HR leaders are currently faced with a variety of different choices when it comes to designing the right flexibility model for their business. 🤹♀️
They know that, in most industries, offering some form of flexibility is necessary in today’s labor market if they want to be competitive.
So why opt for a shorter working week structure instead of a pure flexibility model where people can work where they like, when they like?
The answer lies in the virtues of structured flexibility.
Often, when “total flexibility” is offered without clear structure, and in a way that is silent on the average hours people work or changing the way they work, this model can be so discretionary and individualized as to be effectively meaningless.
Like with many examples of unlimited holiday/PTO policies in the United States, the benefit tends to be unevenly distributed, and the level of take up and access can vary widely depending on how your manager interprets the policy, career progression dynamics, team dynamics, individual roles and personalities, and even gender.

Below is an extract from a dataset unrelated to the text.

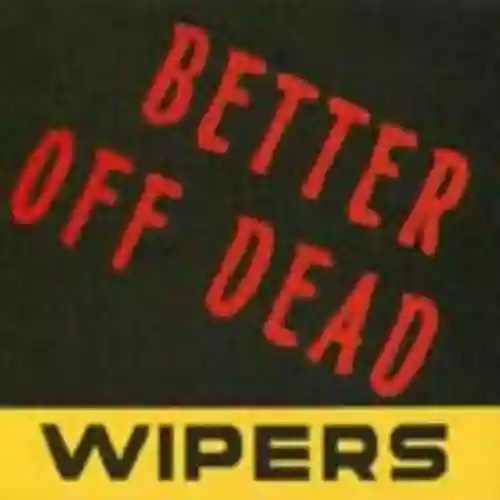 Cover Wipers - Better Off Dead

It also fails to provide an incentive for collective, structural change.
The #4DayWeek is so universally life-changing and transformative that it drives engagement, collaboration and collective responsibility across teams to find a better way to do things.
Instead of leaving it up to individuals, people are motivated to work together to change how they meet, how they communicate, how they use technology, and how they address inefficiencies.
Whether you see the future of work for your organization as being remote-first and asynchronous, in-person and on-site, or somewhere in between, work time reduction can be a powerful driver for collective action where everyone benefits materially from finding solutions to the challenges facing your business.